Born in St. Petersburg, Russia, 39-year-old Ekaterina Panikanova currently lives in Rome, Italy, where she also displays her work. And, by the way, these book paintings were included in Panikanova’s second solo exhibition “Un, due, tre, fuoco“ presented at z2o Galleria earlier this year. Her work is said to evoke the long lost world of childhood, in a constant effort to find the deepest and most intimate feelings of every human being.
A graduate from the Academy of Fine Arts of St. Petersburg, she was one day walking through a flea market when she stumbled upon a 700-page manuscript. “I was struck by the difference between its original purpose and the way it became over time. I bought it and used it to make a painting“, the artist says. “Paper, card and books have a fundamental value in my work. I see them as a body of rules, dogmas, traditions, religious beliefs and scientific discoveries which, right or wrong for their time, human beings had simultaneously enclosed into cages. If Galileo Galilei hadn’t turned the pages of history, man’s blind belief in the theory that Earth was held up by a huge turtle would have eventually caused him to perish. I like working on old books: I like the way that underlines, notes and scribbles enable me to perceive the personalities of their former owners. In Russia, there is a difference between an icon which has been ‘prayed to’ and one which has not; a book that has been read acquires the same energy as an icon which has been worshiped.
My Soviet past takes form through objects, clothing and symbols; the Russian school of art influenced me too. However I continuously strive to widen my areas of interest. Since I moved to Italy, I have been able to study ‘the ‘European way of life’. The books that I use to make my paintings generally come from different countries of origin: this way the stories that I tell about the ‘education’ of mankind can be recognized as true for all of us, regardless of our culture and country of origin.
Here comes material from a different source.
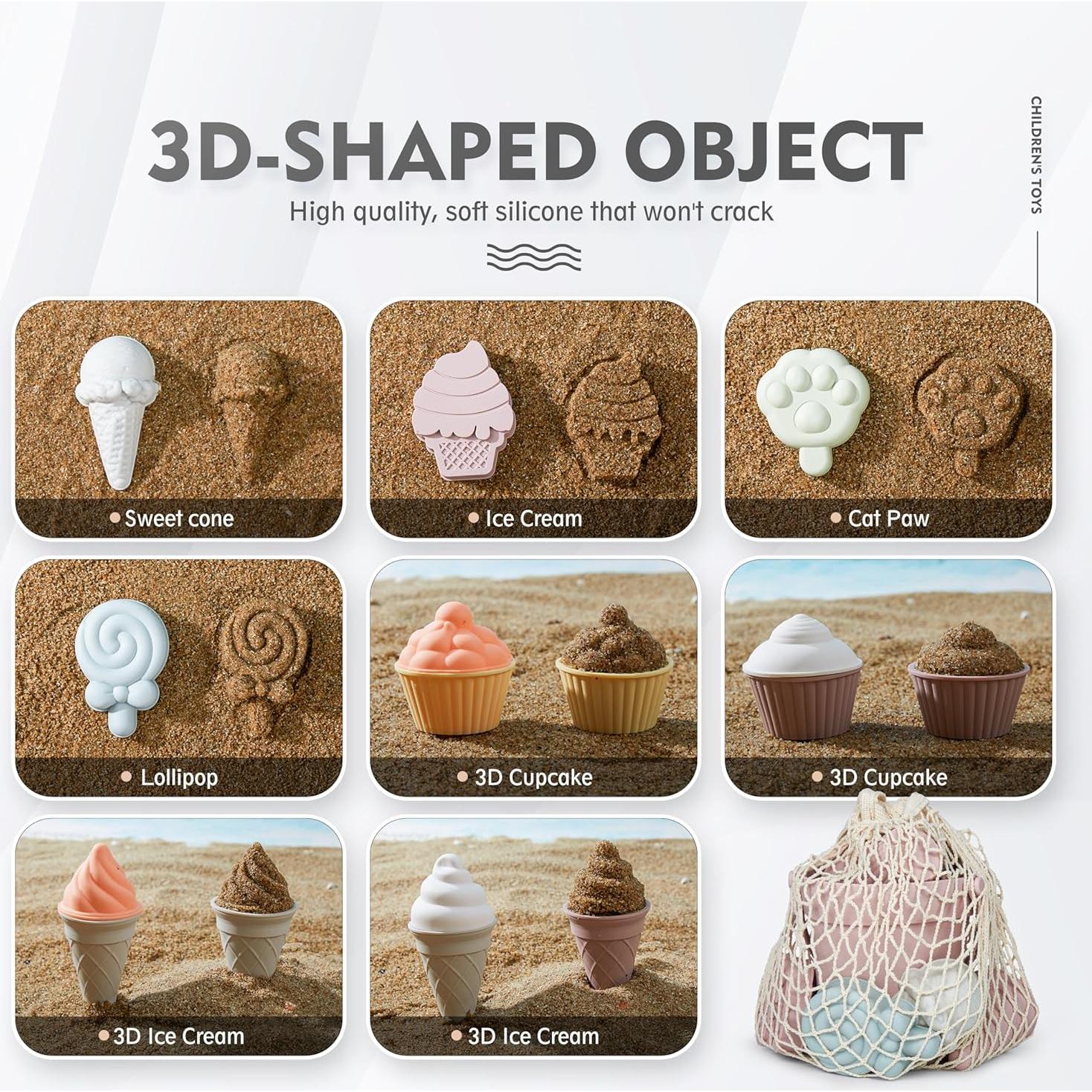 Set de Juguetes de Playa de Silicona MarcZero 17 Piezas Rosa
Usually I read the texts and choose the illustrations by flipping throw the pages. Then I put the books together in a sort of jigsaw puzzle, according to the idea that I have on mind. Play and drama are equally important components of my work, which tells a story about the memory and development of the psychological side of an individual.
My work is, somehow, a suggestion about life: the text can’t be erased, but you can turn the page if you want to. I prefer not to fix my works in time and thus I always try to create works with movement. The everyday life is basically anchored to the past, therefore both our present and our future are strongly bound to our past experiences.
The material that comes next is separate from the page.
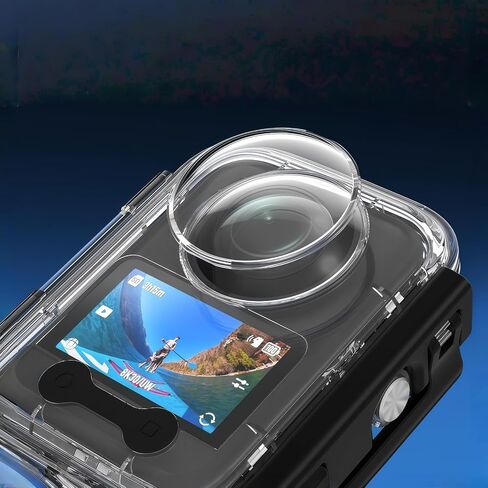 Compatible with Osmo 360 Waterproof Case, 45M/150FT Depth Waterproof Case, Panoramic Lens with Blind Spot Elimination, Shockproof PC Shell for Diving in Kuwait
I use the metaphor of the antlers to convey the idea of animal instinct, the pie as a symbol of traditions (the rules of the home, education and any other element imposed to determine the compression of our psychology towards the eventual imprisonment of the being), the metaphor of the burning fire with limpid flames that symbolizes our ability to see, to warm up ourselves, to materialize a dense black smoke as a symbol of dictatorship, censorship and obscuration. The bicycle, the rocking horse, the pie with antlers are recurrent elements in my work”.